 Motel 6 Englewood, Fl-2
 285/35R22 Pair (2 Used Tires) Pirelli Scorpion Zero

==

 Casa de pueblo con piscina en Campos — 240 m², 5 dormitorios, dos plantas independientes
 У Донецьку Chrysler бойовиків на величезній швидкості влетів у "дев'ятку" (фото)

§ To do
All that is wanted is a faithful reproduction of the line above with "Casa de pueblo", the line with "У Донецьку Chrysler", and every line in between.

§ Solution
 Casa de pueblo con piscina en Campos — 240 m², 5 dormitorios, dos plantas independientes
 У Донецьку Chrysler бойовиків на величезній швидкості влетів у "дев'ятку" (фото)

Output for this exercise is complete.